Marijuana stocks are getting shellacked in Monday morning trading. As of 11:05 a.m. EDT, shares of Canopy Growth (CGC -3.01%) have fallen 5.8%, Tilray (TLRY -4.89%) is down 6%, and Aurora Cannabis (ACB -6.81%) is bringing up the rear with a 6.3% decline.

Partly this is a consequence of today's broad stock market sell-off (the S&P 500 is down 1.6%). But partly, Wall Street is to blame.

Investor holds head in dismay in front of a stock chart showing a red arrow going down

Image source: Getty Images.

So what

The past several days have seen a series of cuts to marijuana stock price targets among Wall Street analysts, you see, in advance of Aurora Cannabis' upcoming fiscal fourth-quarter 2021 earnings report (due out tomorrow).
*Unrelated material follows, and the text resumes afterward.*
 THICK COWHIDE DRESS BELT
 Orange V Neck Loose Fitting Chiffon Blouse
The bad news began back on Thursday, when Roth Capital cut its price target on Tilray in half, to $12 a share, commenting that management's sales projections for fiscal 2024 were too "hopeful" to be true. Tilray is projecting $4 billion in sales that year, by the way -- but according to data from S&P Global Market Intelligence, most analysts on Wall Street think sales will be only $1.3 billion.

For context, Tilray's $4 billion promise might have made sense when it was growing sales six-fold year over year (like in 2019), or even just doubling sales (as it did in 2020). After sales growth slowed to just 27% year over year this year, however, hopes of the company growing from $513 million in annual revenue currently to eight times that number three years from now do seem a bit overoptimistic. 
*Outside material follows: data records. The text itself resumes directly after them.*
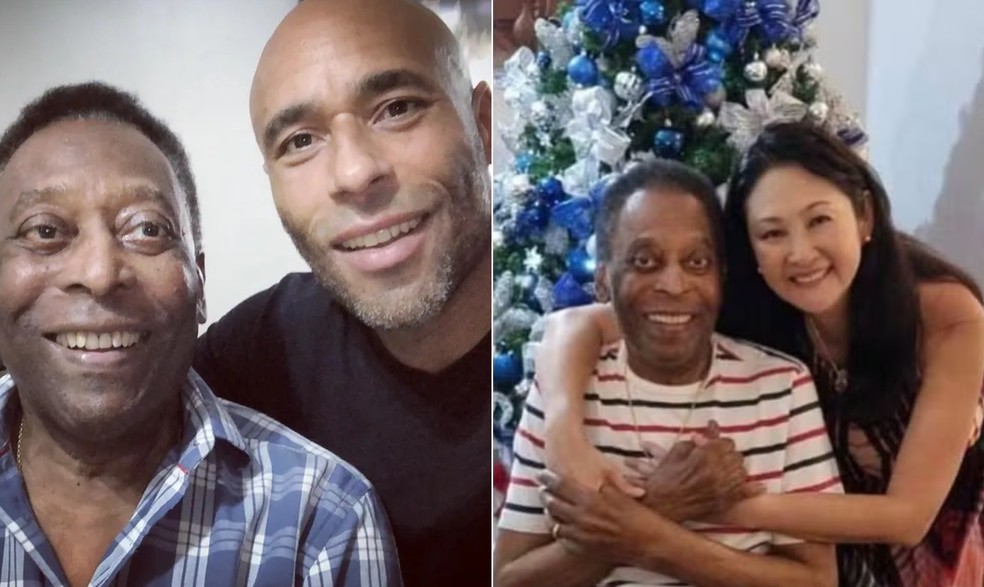 Pelé com o filho Edinho e com a esposa, Márcia — Foto: Reprodução/Instagram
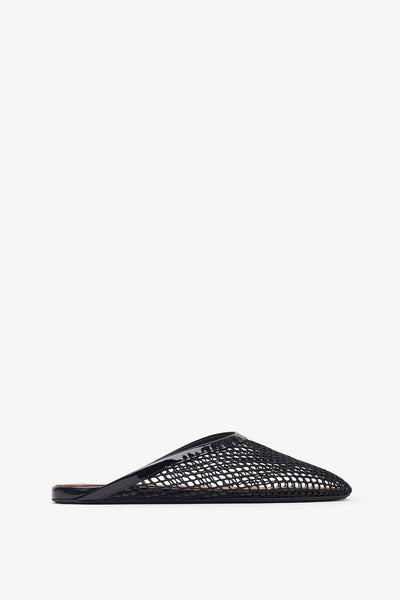 Black mesh flat Mules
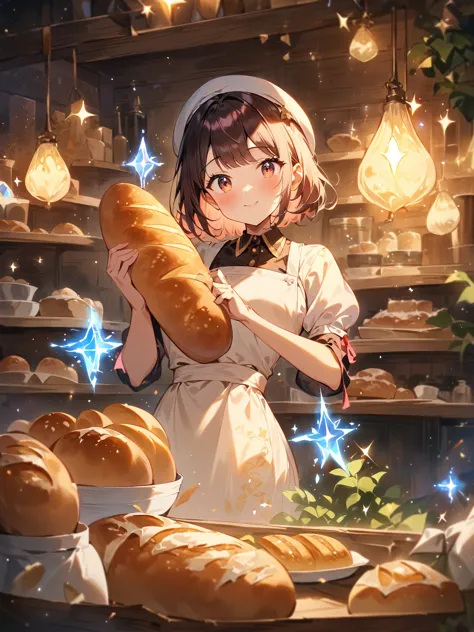 an anime-style girl working as a baker, wearing a cute apron and a beret, is holding a single slice of magical bread that glows ...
And the problems don't end with Tilray. One day after that price target cut came out, investment bank Cantor Fitzgerald lowered its price target on Aurora Cannabis by a third (to 8.30 Canadian dollars), reported TheFly.com. More than just a slowdown, here Cantor warned of a sequential "mid-teens drop" in Canadian sales of cannabis for recreational use.

Now what

Finally, this morning both Cantor and Piper Sandler teamed up to jointly cut price targets on Canopy Growth (to CA$21 and CA$15, respectively). Neither analyst came right out and suggested selling Canopy stock ahead of Aurora's earnings report, but both are only "neutral" on Canopy's prospects.

Cantor Fitzgerald echoed its concerns about declining sales, and noted that while Canopy Growth is predicting it will achieve positive earnings before interest, taxes, depreciation, and amortization (EBITDA) by the end of 2022, the analyst doesn't think that's likely to happen before mid-2023. For its part, Piper also noted the 2022 prediction, but said "we consider [that] very difficult to achieve" in light of the market share losses Canopy Growth is suffering.  

In short, it's bad news all around for the cannabis companies, and investors have started to notice.